Schweiß bedeckt meinen ganzen Körper, läuft mit in die Augen, doch ich hörte nicht auf. Ich höre niemals auf. Nicht, bis ich selbst nicht mehr atmen kann.

Hochkonzentriert, mit präzisen und starken Schlägen, lasse ich die einbandagierten Fäuste gegen den Boxsack donnern, bis das laute Echo gegen die Wände prallt. In wenigen Tage habe ich einen weiteren Kampf und für diesen muss ich mich wappnen.

Meine Gegner werden immer stärker und gnadenloser. Und genau das muss ich ebenfalls werden. Ich darf keinen dieser Kämpfe verlieren, denn das würde alles zunichtemachen, was ich mir so lange aufgebaut habe.

Nicht etwa das Image, dass mir jeder verpasst hat. Das war mir vollkommen egal. Worum es hier geht, ist die Gewinnstrecke und noch wichtiger das Geld, welches ich dadurch einbringen kann. Geld welches ich dringend brauche.

Mit zusammengebissenen Zähnen kneife ich die Augen fest zusammen, um den Schweiß darin wenigstens ein wenig loszuwerden und versenke immer weder abwechselnd die Fäuste im Leder, bis ich sie so langsam nicht mehr spüren kann. Und obwohl ich fast keine Kraft mehr habe und meine Lungen schmerzhaft zu brennen beginnen, höre ich nicht auf. Obwohl ich das hier bereits seit Stunden mache, schlage ich weiter. Sogar, als die Tür hinter mir geöffnet wird, beende ich es nicht.

»Wes! Jo, Wesley!«

»Was willst du?«, frage ich keuchend und außer Puste und schlage erneut zu, versuche den brennenden Schmerz meiner Muskeln auszublenden.

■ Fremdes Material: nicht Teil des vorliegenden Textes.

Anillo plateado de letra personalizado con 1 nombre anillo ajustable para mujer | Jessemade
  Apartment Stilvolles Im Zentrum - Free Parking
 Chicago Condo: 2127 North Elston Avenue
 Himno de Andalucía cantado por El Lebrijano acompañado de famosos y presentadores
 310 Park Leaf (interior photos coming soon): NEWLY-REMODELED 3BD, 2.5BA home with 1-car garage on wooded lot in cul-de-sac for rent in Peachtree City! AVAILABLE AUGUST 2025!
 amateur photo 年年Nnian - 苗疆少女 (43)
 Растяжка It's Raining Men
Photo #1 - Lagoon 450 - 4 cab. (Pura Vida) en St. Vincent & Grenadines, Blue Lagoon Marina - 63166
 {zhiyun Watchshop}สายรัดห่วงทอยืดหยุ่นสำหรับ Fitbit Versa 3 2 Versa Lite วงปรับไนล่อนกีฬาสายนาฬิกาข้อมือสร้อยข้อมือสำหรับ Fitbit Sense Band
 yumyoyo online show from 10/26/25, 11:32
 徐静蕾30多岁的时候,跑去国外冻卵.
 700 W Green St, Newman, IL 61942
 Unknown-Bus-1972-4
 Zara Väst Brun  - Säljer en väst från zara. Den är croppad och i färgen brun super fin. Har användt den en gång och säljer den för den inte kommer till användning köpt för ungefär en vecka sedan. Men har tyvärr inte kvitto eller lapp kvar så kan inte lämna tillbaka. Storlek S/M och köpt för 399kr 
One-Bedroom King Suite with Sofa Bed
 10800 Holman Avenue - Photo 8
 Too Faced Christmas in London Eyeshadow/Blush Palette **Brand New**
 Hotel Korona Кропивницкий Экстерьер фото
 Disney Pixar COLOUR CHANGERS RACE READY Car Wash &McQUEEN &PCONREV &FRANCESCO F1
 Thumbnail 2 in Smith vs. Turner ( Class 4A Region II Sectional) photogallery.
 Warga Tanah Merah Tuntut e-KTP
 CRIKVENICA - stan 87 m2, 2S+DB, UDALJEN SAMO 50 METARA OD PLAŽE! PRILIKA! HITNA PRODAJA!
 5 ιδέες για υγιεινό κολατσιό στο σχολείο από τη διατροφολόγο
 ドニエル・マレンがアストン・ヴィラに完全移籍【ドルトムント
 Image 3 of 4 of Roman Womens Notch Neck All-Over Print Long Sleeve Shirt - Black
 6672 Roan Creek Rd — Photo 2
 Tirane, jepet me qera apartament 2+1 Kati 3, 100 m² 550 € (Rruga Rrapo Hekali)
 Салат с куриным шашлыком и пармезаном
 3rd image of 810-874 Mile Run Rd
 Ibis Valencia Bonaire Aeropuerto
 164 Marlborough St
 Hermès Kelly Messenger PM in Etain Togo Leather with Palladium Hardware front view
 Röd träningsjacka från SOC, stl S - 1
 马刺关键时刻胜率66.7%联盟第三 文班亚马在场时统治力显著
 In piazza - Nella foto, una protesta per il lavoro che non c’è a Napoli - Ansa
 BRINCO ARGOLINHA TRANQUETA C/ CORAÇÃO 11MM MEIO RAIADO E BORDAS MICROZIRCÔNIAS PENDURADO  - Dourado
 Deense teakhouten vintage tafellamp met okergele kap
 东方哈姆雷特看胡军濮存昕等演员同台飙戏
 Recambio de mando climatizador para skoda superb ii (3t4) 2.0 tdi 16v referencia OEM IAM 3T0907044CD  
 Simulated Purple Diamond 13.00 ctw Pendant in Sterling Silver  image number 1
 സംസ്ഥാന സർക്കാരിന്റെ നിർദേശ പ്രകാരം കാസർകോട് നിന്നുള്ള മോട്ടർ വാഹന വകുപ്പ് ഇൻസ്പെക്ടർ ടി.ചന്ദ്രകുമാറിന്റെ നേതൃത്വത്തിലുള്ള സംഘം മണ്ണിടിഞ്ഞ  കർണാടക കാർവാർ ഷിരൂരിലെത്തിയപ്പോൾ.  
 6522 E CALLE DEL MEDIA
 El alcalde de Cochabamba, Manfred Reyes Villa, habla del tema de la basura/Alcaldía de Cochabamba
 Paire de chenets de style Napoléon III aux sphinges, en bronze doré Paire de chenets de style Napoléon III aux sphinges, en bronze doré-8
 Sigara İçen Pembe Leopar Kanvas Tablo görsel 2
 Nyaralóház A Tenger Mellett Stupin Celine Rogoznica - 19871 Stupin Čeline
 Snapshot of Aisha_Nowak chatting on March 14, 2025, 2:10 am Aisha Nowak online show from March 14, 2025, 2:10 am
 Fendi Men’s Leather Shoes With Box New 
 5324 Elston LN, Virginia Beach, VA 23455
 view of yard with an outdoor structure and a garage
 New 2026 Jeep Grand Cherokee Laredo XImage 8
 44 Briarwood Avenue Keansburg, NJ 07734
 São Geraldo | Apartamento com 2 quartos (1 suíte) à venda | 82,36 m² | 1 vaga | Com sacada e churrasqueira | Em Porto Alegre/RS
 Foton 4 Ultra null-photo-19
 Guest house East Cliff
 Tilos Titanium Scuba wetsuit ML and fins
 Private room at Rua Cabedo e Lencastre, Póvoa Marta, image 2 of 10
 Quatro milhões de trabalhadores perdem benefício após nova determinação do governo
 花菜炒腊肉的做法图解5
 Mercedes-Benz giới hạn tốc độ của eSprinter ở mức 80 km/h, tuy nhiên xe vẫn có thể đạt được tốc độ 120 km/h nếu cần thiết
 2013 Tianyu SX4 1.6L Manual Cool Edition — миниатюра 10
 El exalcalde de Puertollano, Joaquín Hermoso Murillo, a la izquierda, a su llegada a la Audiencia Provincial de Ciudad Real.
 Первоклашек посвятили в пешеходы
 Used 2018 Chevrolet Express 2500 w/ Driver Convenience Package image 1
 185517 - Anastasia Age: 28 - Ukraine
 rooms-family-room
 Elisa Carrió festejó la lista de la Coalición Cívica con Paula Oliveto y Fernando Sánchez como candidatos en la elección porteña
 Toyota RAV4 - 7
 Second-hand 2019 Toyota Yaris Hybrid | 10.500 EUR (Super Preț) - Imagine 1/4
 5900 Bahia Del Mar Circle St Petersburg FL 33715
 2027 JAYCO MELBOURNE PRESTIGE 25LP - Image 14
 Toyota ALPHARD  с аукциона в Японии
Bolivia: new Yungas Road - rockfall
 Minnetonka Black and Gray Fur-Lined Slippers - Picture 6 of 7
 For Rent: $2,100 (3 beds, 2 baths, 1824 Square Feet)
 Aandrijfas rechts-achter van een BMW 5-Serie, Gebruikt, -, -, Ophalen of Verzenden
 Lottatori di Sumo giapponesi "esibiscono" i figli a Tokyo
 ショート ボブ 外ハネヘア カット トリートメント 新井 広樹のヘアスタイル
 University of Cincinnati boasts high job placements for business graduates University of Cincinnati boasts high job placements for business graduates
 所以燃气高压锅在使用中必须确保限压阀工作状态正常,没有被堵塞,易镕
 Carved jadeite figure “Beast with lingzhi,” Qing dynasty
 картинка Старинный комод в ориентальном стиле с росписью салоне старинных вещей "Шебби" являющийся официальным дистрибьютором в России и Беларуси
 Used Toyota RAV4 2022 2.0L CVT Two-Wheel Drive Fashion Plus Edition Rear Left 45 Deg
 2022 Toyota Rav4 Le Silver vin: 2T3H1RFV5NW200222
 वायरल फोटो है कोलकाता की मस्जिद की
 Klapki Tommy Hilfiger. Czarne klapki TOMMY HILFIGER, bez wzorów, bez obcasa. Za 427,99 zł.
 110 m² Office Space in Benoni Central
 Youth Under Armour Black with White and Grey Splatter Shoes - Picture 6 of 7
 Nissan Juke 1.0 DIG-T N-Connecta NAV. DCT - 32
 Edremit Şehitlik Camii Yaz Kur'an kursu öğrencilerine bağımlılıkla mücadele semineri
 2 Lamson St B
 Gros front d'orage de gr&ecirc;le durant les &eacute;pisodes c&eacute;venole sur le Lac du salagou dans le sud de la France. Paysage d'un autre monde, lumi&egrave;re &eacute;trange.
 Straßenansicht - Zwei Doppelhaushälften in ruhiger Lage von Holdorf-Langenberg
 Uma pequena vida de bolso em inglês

Iggy, der zu mir rüberkommt, sich hinter den Boxsack stellt und diesen fest hält, ist mein treuster Freund. Er ist für mich wie mein eigener Bruder und obwohl ich derjenige bin, der in tiefer Scheiße steckt, macht er mein Problem auch zu seinem eigenen.

Eigentlich lautet sein voller Name Ignatius Ambrose. Als Hosenscheißer hat er immer damit geprallt, dass er von irgendwelchen Adligen abstammen würde, dass er eigentlich sehr viel Reichtum besäße, aber ihn seine Familie verstoßen hätte. Warum auch immer.

Um ehrlich zu sein, weiß ich nicht, ob diese Geschichte der Wahrheit entspricht. Ich habe nie tiefer darüber nachgedacht und auch nicht nachgebohrt.

Ich habe Iggy getroffen, als wir beide satte vierzehn Jahre jung waren. Außerdem hatte er damals im Müll nach etwas Essbaren gegraben.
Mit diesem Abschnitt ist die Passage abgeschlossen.